### Action item:
Restate the listing below word for word, omitting any images.

▼▼▼

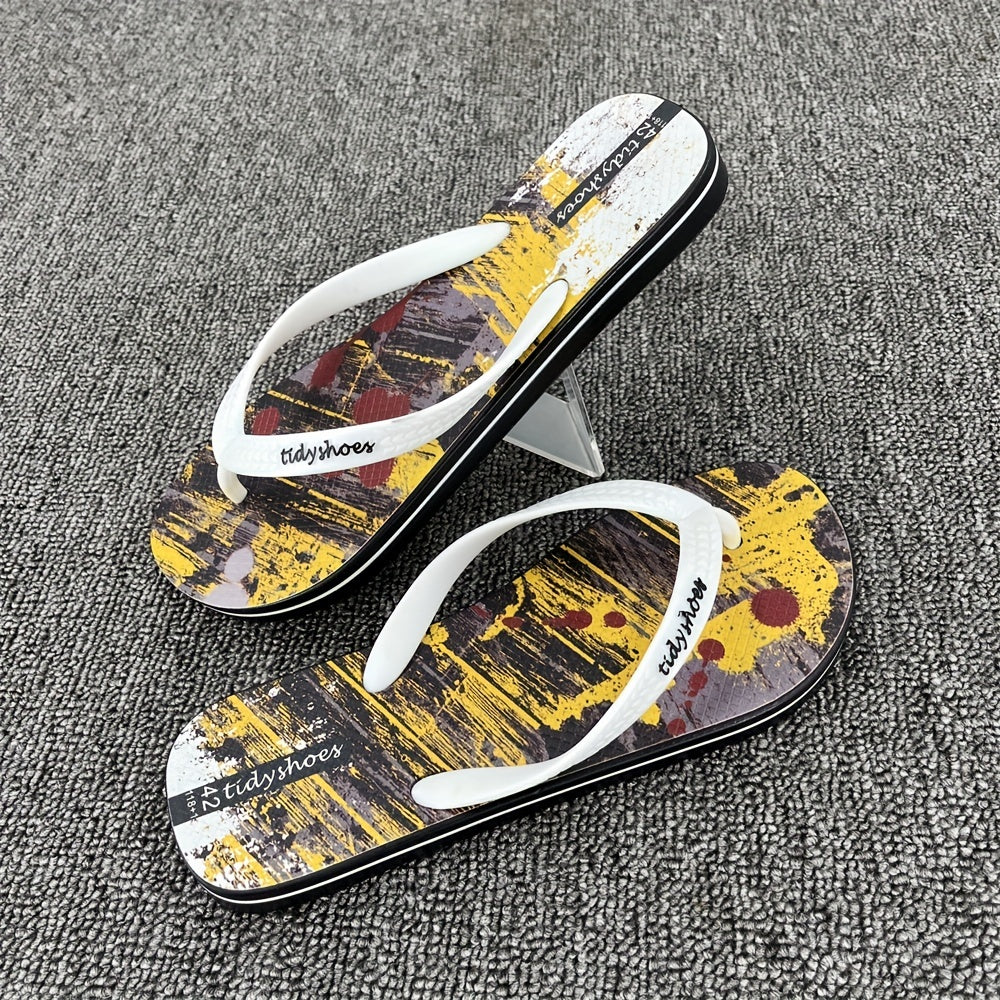Men's Slip On Flip Flops Casual Walking Slippers - Assorted Colors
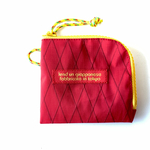 赤い山財布 YKK yellow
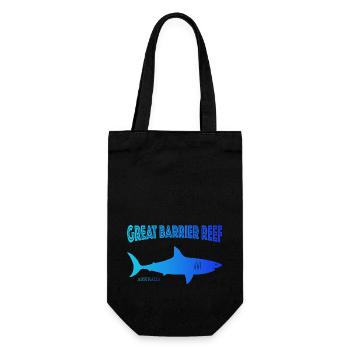 Great Barrier Reef - Geschenkbeutel für Flaschen - Schwarz - Vorne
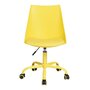 URBAN MEUBLE Chaise de bureau scandinave jaune pivotant réglable hauteur d'assise 46-55cm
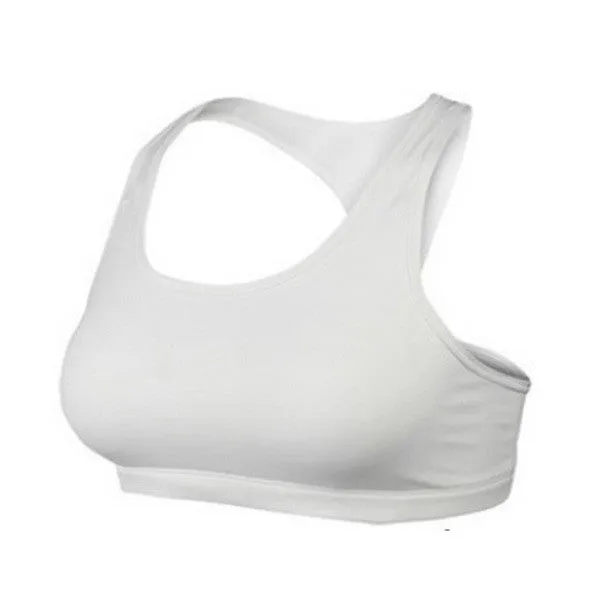 Women Basic Seamless Fitness Paedde workout Racerback Tops Crop Vest NW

▲▲▲

### Answer space:
Men's Slip On Flip Flops Casual Walking Slippers - Assorted Colors
 赤い山財布 YKK yellow
 Great Barrier Reef - Geschenkbeutel für Flaschen - Schwarz - Vorne
 URBAN MEUBLE Chaise de bureau scandinave jaune pivotant réglable hauteur d'assise 46-55cm
 Women Basic Seamless Fitness Paedde workout Racerback Tops Crop Vest NW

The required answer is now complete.